**WHAT THE TASK REQUIRES**
Copy nothing but the text: reproduce each line of the listing exactly and leave the pictures out.

:: DATA BLOCK

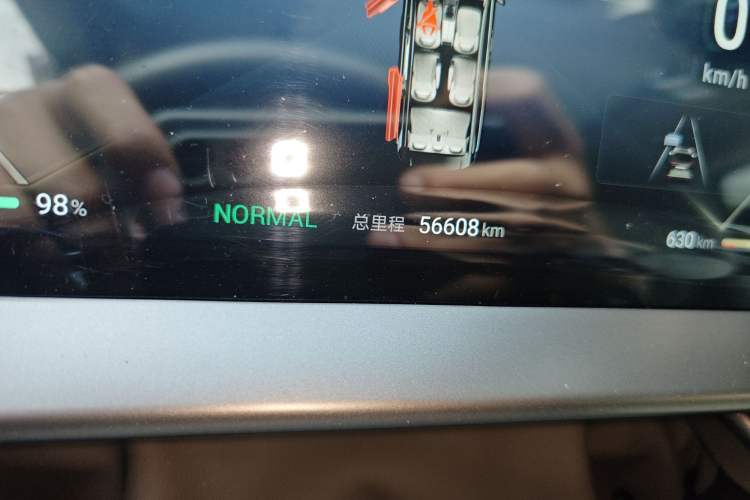 Used Denza D9 2023 DM-i 965 Luxury Model
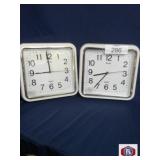 Bulova table top clock (no battery) His and Hers,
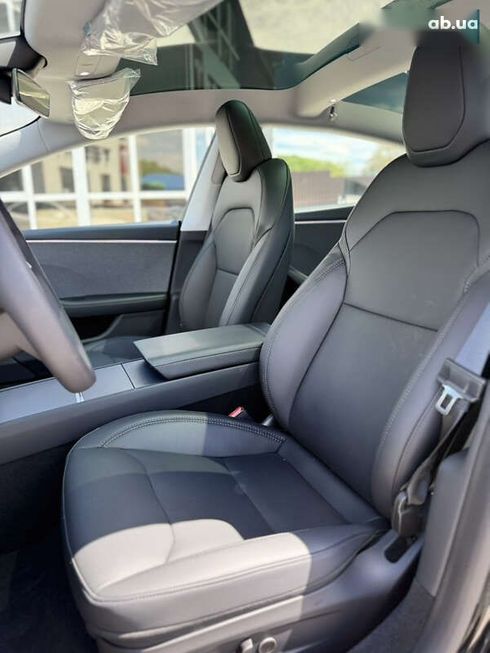Tesla Model 3 2024 - фото 29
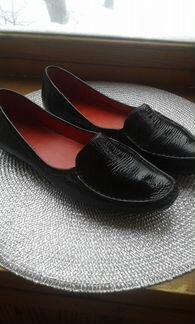 Лаковые чёрные туфли 38-38,5р clarks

::::

**RESPONSE TO THE TASK**
 Used Denza D9 2023 DM-i 965 Luxury Model
 Bulova table top clock (no battery) His and Hers,
Tesla Model 3 2024 - фото 29
 Лаковые чёрные туфли 38-38,5р clarks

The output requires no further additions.